→ **Task to complete**: This task calls for the lines below starting at the one containing "2 Row Black Floor Mats Set O198" and ending at the one containing "2017 Chevrolet Silverado", repeated exactly with both ends kept and pictures left out.

→ **The records**:
<<<<

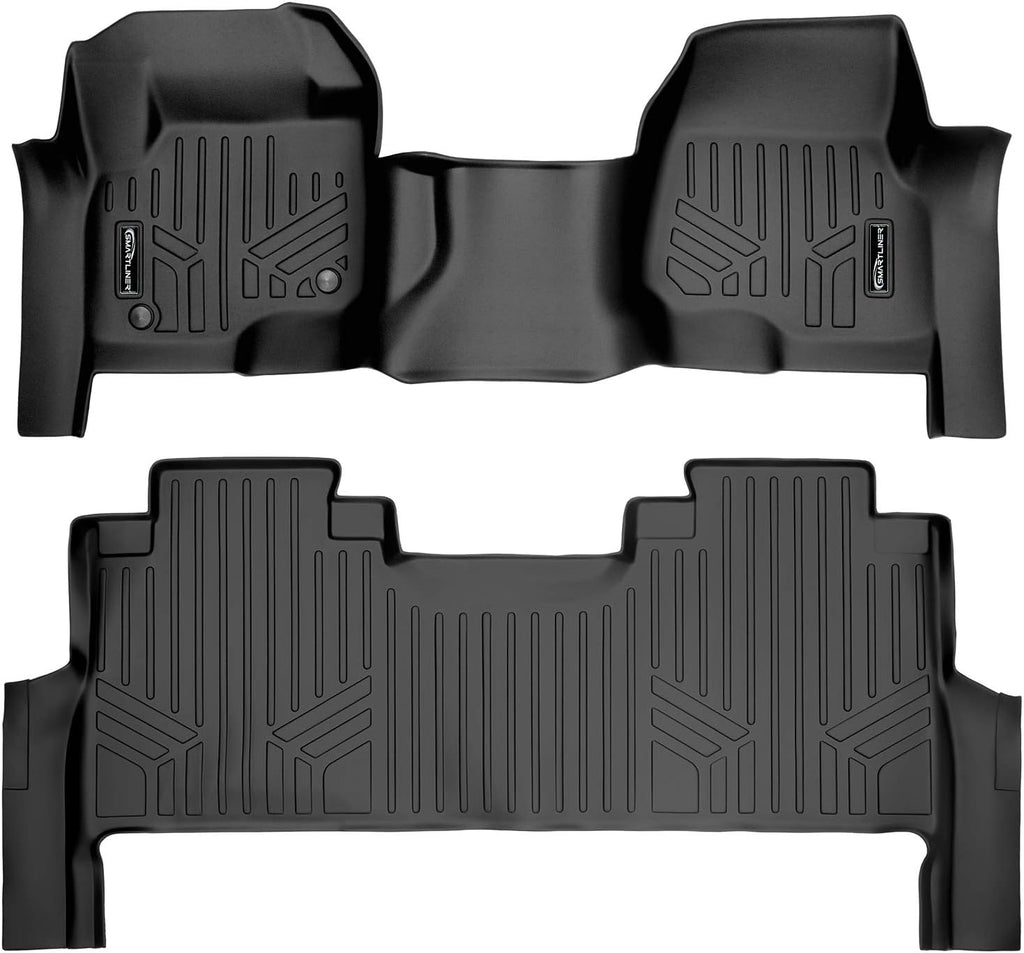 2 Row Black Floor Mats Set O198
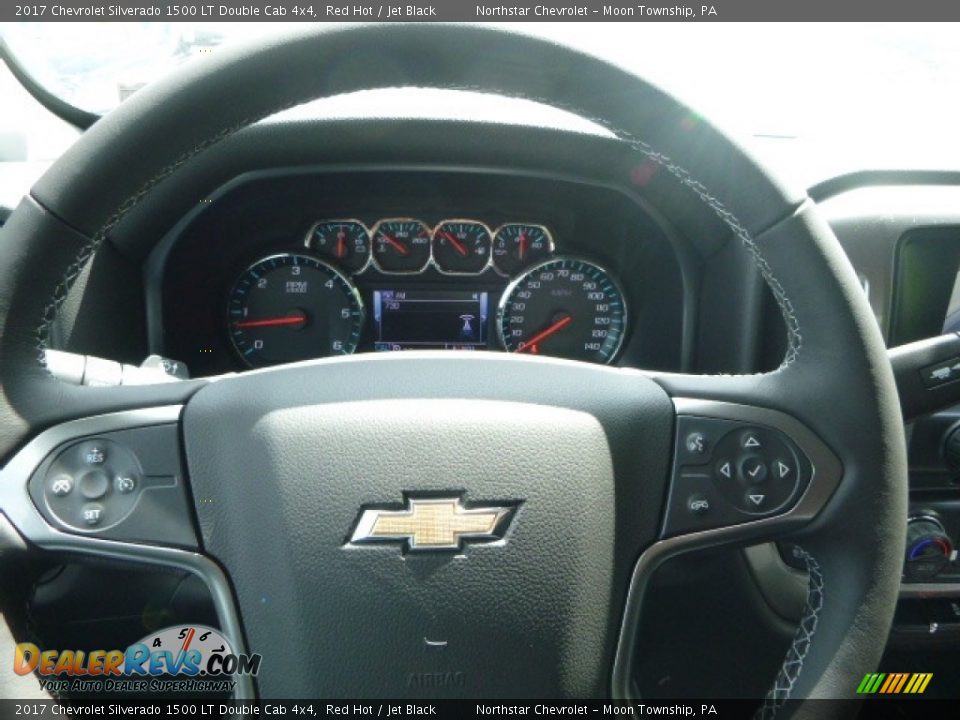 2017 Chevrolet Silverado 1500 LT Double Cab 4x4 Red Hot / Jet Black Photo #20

>>>>
<<<<

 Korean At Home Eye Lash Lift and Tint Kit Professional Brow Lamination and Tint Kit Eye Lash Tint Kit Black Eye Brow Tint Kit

>>>>

→ **Answer to the problem**:
 2 Row Black Floor Mats Set O198
 2017 Chevrolet Silverado 1500 LT Double Cab 4x4 Red Hot / Jet Black Photo #20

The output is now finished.